A view on cryonics (was Re: [extropy-chat] Bad Forecasts!)
John K Clark
jonkc at att.net
Mon Sep 20 06:08:53 UTC 2004
"Slawomir Paliwoda" <velvethum at hotmail.com>
> I don't think exclusively about the information that
> describes the structure of the brain, but about the
> activity of matter (electrons, atoms) moving in
> space and time that produces things like thoughts
> and consciousness.
And in a earlier response you admitted there is nothing special about the
particular atoms in your brain, and now you say even the information on the
way those generic atoms are arranged is not what makes you be you and me be
me. That doesn’t leave much left, so if you’re correct then the only logical
conclusion to draw is that holy rollers are right after all and we posses a
soul that is inaccessible to science.
Just between you and me I don’t think the holy rollers are right.
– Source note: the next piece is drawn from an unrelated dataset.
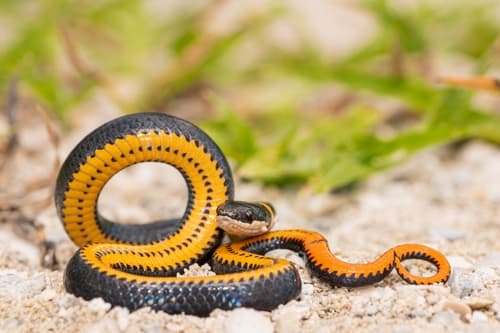 Ring-necked Snake — photo 1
> In order for me to form a thought "I am", or any
> other thought, that can only happen as a result of
> electrical impulses traveling through the web of
> neural network
Absolutely not true. Lots of things other than electrical impulses would
work, anything that can carry information would work including photons,
which makes nonsense of your unique position in space-time for a unique
brain idea.
> Mind does not emerge inside a static data about
> the configuration of matter in the brain
The data is static only if you take a snapshot of the brain as it is this
very instant, an instant later the data would be slightly different. I don’t
see why you have any objection to the importance of that especially when you
seem to emphasize the importance of The Now. I quote you:
“I'm absolutely not talking about trajectories of everything that has
ever contributed to sculpting a mind pattern to what it is now, but
everything (=all the matter flows in space and time, aka, mind process) that
contributes to emergence of mind, right now.”
> when I think of what mind is, I imagine it as a process,
> not as the information about configuration of matter
> that allows that process to take place.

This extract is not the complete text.